Con su cuerpo entumecido, casi en colapso, se levantó de la silla y se incorporó. Enseguida sintió las dolorosas consecuencias de un éxtasis venoso. Se desplomó al suelo enseguida, sus piernas no respondían. Isquemia femoral. Un episodio fugaz. Se levantó de nuevo, sacaba fuerzas de donde no había mientras se repetía una y otra vez para sus adentros: “tengo que estudiar”. Se dirigió con dificultad a la cocina. La oscuridad era espesa y el silencio algo que resultaba hasta erótico para su estado somnoliento.

Abrió el frigorífico y halló su Santo Grial. Café. Un arma de doble filo, estimular el encéfalo para herir el estómago. No era capaz de ingerir ningún líquido caliente, salvo los caldos, pero en su desesperación, tiempo atrás, descubrió que el café no sólo se tomaba a temperaturas más elevadas que las de su metabolismo basal. A pesar de ello, aunque fuera café frío, esta bebida seguía compuesta por lo mismo, y no era de agrado ni para su paladar ni para el resto de su tubo digestivo. Pero era lo que necesitaba en esos momentos, sus párpados pesaban toneladas, la cabeza le daba tumbos y estaba más tiempo fuera de la realidad que dentro de ella, en estado de alerta.

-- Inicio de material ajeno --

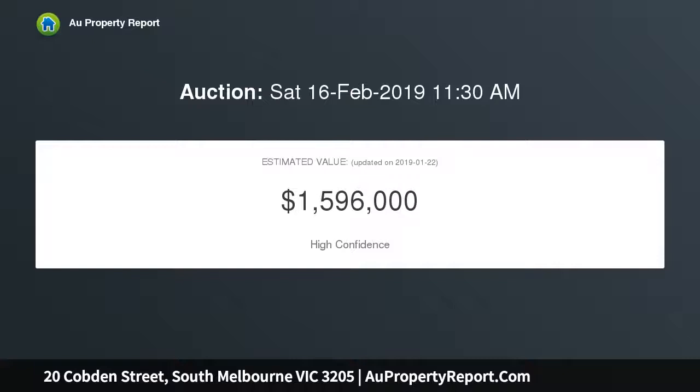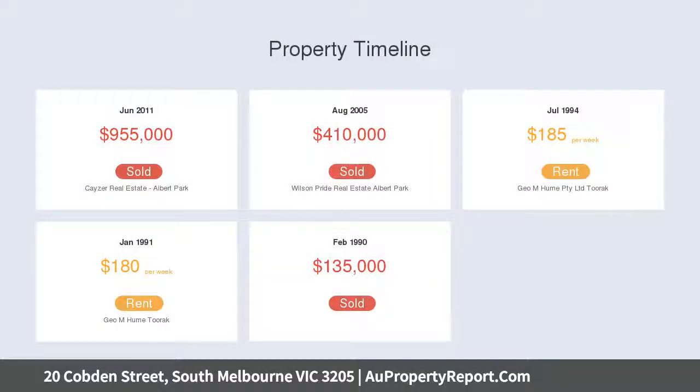Just a short stroll to the lake, MSAC, Botanic Gardens, 11 tram routes, the market, Clarendon Street shops and schools.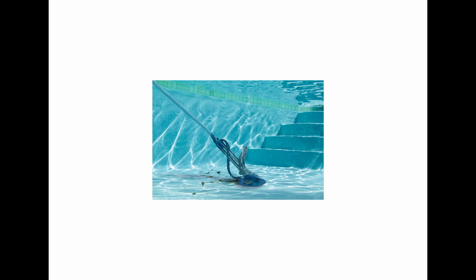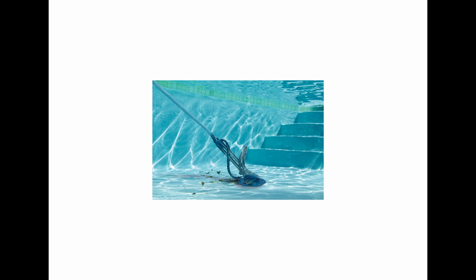Two years later, the Creepy Crawley was invented. It used the water pressure generated by a swimming pool pump to create suction used to clean the pool. This innovation was invented by hydraulics engineer Ferdinand Chauvier.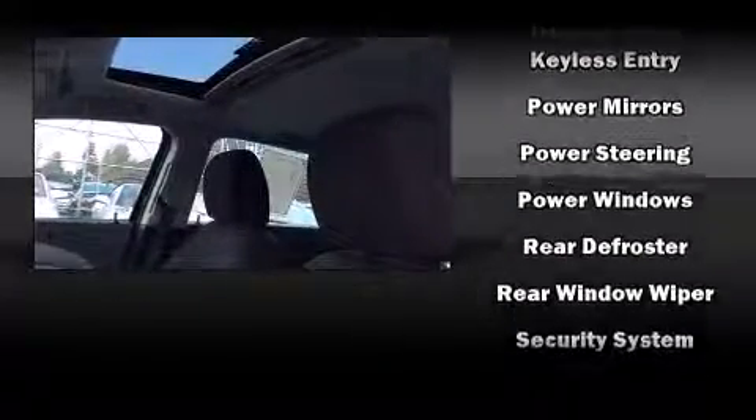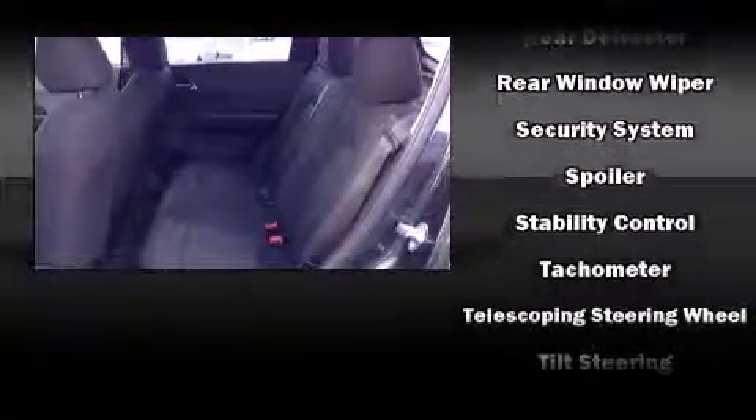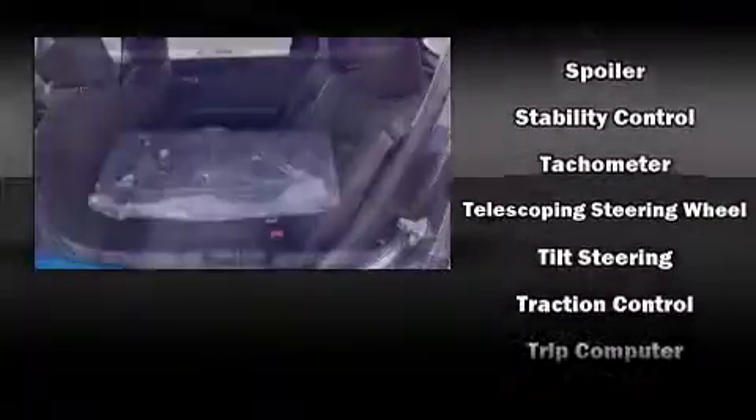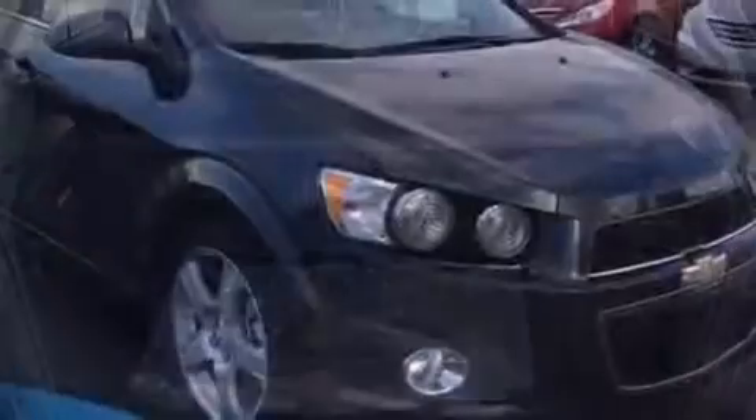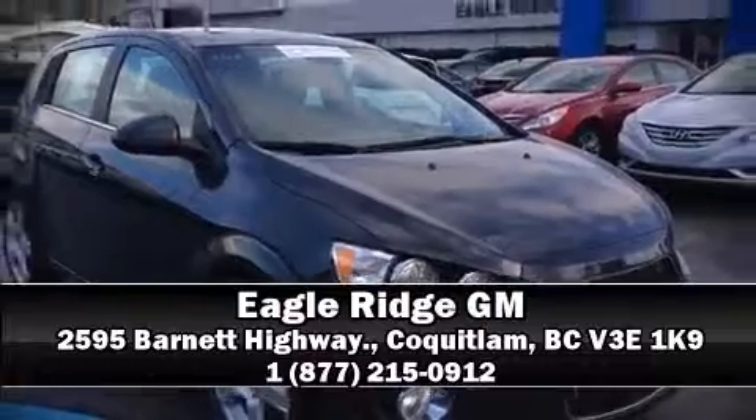This vehicle has achieved certified pre-owned status by passing Chevrolet's rigorous certification process. Our knowledgeable sales staff is available to answer any questions that you might have. Stop by our dealership or give us a call for more information.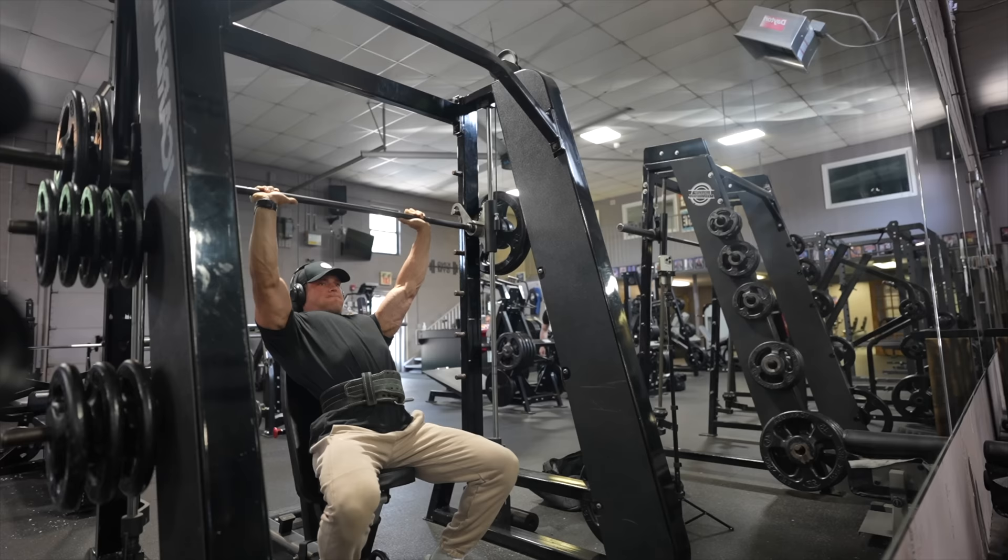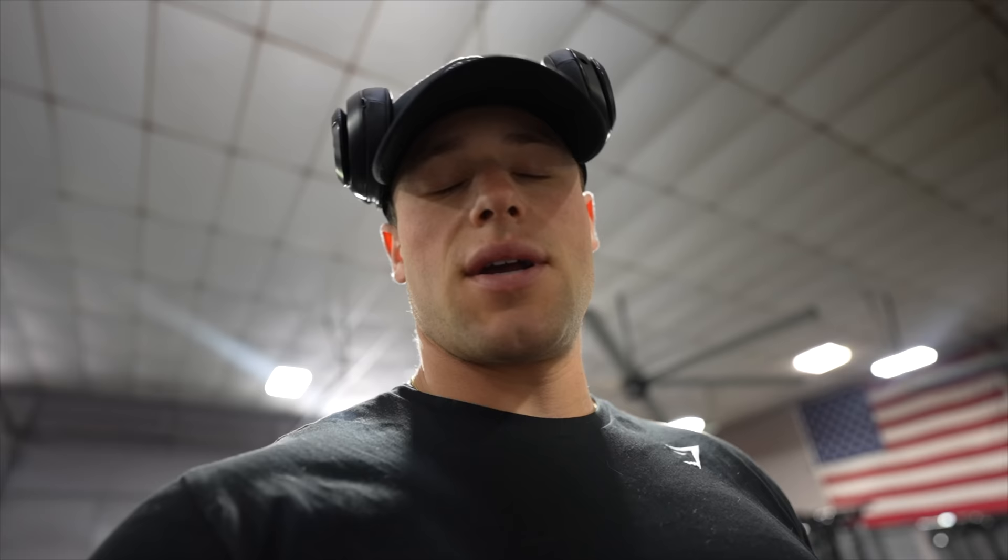Starting the shoulder workout with shoulder press on the Smith machine — it's smooth and gives a good stretch throughout the whole movement. I did two lighter sets of 12 reps, then a medium intensity set of 8 reps, then a high-intensity top set of as many reps as possible at the heaviest weight I could push for 8 to 10 reps. We hit 225 on the Smith machine. Next, moving to dumbbell shoulder press — dumbbells make your muscles look denser and more mature, and you get a better stretch.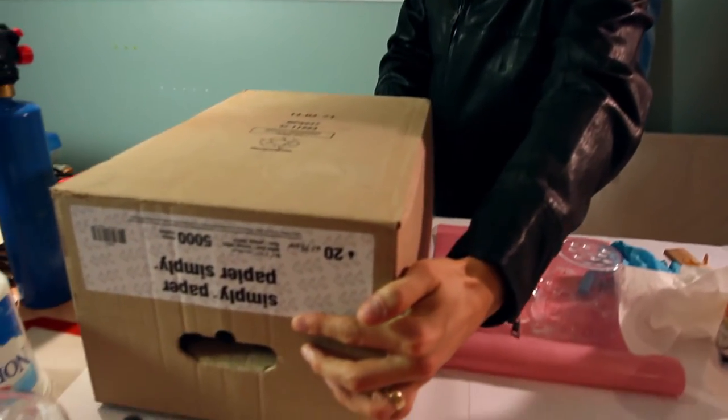Cover it with the box, let it sit overnight, and we'll check in the morning.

Extrajo tres vasos de café y se bebió uno detrás de otro. Totalmente amargos, ni siquiera habían llegado al estómago y ya sentía arcadas. Y lo peor no era tragarlo, sino mantenerlo, si vomitaba todo habría sido en vano, tenía que esperar a que se absorbieran los azúcares, necesitaba esa energía a cualquier precio, aunque eso significase provocarse una úlcera.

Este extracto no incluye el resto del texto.